BEGIN Recorded data

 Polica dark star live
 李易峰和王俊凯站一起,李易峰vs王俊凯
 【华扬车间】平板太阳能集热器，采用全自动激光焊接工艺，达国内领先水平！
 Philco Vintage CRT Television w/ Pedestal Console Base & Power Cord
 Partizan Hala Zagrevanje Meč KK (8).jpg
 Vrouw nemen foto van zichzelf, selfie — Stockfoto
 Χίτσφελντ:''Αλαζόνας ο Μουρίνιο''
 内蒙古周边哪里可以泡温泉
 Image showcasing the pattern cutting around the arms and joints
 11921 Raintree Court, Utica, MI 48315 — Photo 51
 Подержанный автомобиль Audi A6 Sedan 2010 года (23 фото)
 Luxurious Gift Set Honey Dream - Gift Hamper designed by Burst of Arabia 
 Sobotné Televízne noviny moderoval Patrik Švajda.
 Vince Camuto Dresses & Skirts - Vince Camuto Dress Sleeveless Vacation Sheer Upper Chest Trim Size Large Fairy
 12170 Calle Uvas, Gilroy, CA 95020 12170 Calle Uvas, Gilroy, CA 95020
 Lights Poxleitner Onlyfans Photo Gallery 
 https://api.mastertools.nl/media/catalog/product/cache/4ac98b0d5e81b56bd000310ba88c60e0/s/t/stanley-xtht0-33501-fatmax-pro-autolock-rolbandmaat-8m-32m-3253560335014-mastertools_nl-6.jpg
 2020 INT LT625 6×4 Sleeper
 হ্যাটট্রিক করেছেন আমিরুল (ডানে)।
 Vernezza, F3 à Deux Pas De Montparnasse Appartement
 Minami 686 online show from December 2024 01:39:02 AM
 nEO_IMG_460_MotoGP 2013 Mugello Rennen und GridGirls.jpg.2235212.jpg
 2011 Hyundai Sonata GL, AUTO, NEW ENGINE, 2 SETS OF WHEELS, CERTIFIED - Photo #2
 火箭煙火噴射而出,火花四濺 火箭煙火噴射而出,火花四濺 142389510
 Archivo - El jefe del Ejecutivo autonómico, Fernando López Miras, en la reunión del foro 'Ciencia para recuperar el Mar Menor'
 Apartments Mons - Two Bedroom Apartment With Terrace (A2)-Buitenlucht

END Recorded data

▶ _What is expected_:
Please return each line of the listing above that contains "Photo".

▶ _Your solution_:
 11921 Raintree Court, Utica, MI 48315 — Photo 51
 Lights Poxleitner Onlyfans Photo Gallery 
 2011 Hyundai Sonata GL, AUTO, NEW ENGINE, 2 SETS OF WHEELS, CERTIFIED - Photo #2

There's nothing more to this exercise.